History is a double-edged sword, as Cohen points out: “History illuminates. It can also blind.” History is illuminating when it is confronted honestly and in all its complexity. It is blinding when it is used to serve ideological or political ends. This is where historical memory comes in. “History” is often abused in the service of ideology or political power.
In some places history is ever-present, in others it is virtually absent either by design or ambivalence. In both cases historical memory, or lack thereof, poses risks. As Cohen notes, “Not to remember, or to be overwhelmed by memory, are equally dangerous.” As an example of suppressed memory Cohen turns to the breakup of the former Yugoslavia when “Bosnians, Serbs and Croats re-enacted, in the 1990’s, the civil-war horrors of the 1940’s whose mention had become taboo under the clamp of Tito’s postwar Communist dictatorship.” As the topic of my dissertation I know this example all too well! On the other side, too much focus on the past comes “at the expense of the present,” and in this case “memory becomes a blind alley.” This is the more typical case as can be seen in the Middle East and many other parts of the globe, including Serbia.
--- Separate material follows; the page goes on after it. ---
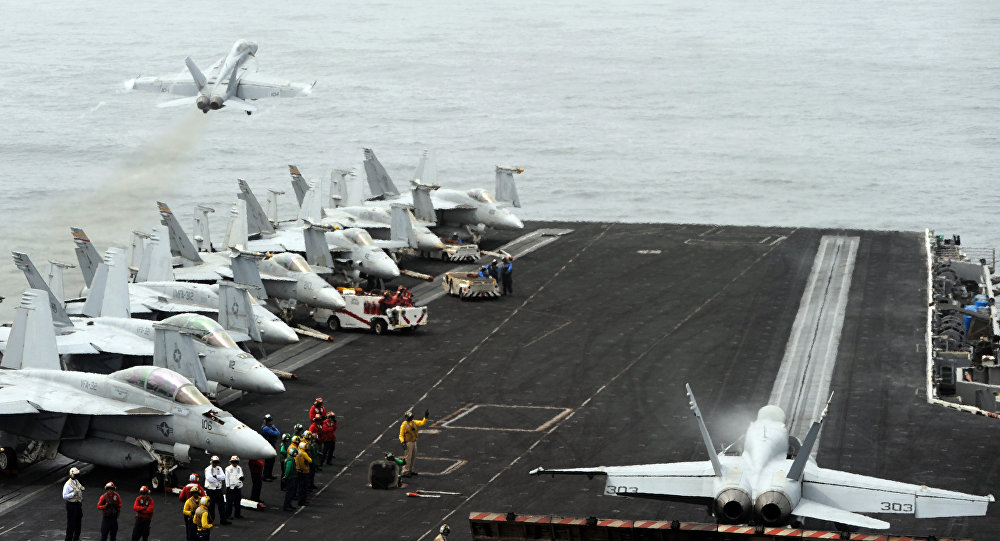 Aviões F/A-18 a bordo do USS Harry Truman em 27 de julho de 2010, no mar Árabe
What’s the solution?
There is no simple solution, but Cohen believes that it is “[o]nly through a balanced view of the past, conscientious but not obsessive, may we shun victimhood, accept divergent national narratives, embrace decency, meet our daily obligations, and look forward.” I think that Cohen is basically right, but I don’t think “balance” is the right way to see the solution. The problem is about how history is remembered, not whether or not it is balanced. When history is used to serve political and ideological ends it is inevitably distorted. For example, nationalism is built upon an edifice of historical myth making.
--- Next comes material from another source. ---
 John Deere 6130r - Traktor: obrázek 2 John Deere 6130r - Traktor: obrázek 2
Nationalism purportedly is about unifying the nation, but in practice it divides people into those who belong and those who don’t. As a result it become a tale of us vs. them, and good vs. evil. National narratives in pursuit of glorifying the nation, intentionally sweeps under the rug all the “dirt” of the past. These narratives often engender a pride that eventually devolves into arrogance. The real danger comes when a demagogue finds in nationalism a useful tool in the pursuit of power. The skillful demagogue then spins a soothing narrative that blames all misfortunes on those who do not properly belong to the nation. If the demagogue is successful it rarely ends well.
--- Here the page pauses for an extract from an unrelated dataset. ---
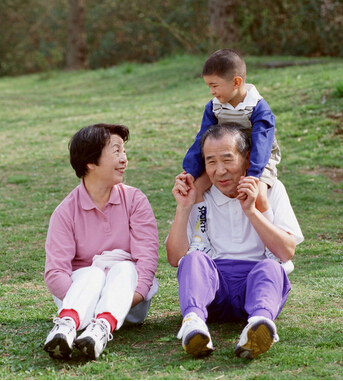 治疗打鼾 老人打鼾可能导致血压升高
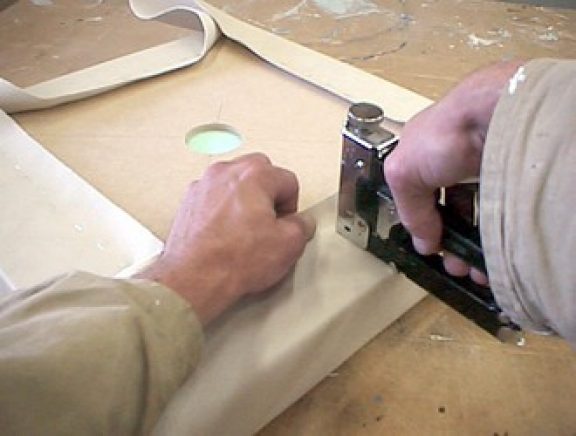 Kunstleer bevestigen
On the other hand, history can be beneficial if it is used correctly. In fact, it is essential if we want to understand the past and thereby the present. It also serves to teach us about human nature. But if is to serve these valuable services history must be confronted honestly in all its complexities. And when confronting the past we must not be lured into temptation to engage in historical grievances if we are ever to stop the cycle of violence. We must learn to forgive. To forgive is not to forget, nor is it about the perpetrator. It is about the victim(s). Forgiveness allows victims to heal and let go of the resentments and hatred that often consumes them. Let’s remember the past and learn from it. We will all be better for it.
One thought on “The Revenge of History: Dealing with Historical Memory”
History is always being rewritten to suit present purpose. Often subtly, via the prevailing intellectual frameworks of academia as they change – often generationally – but frequently less so when perceptions of history are used for overt political purposes by non-historians. I guess if these things did not happen, there would be little historiographical debate.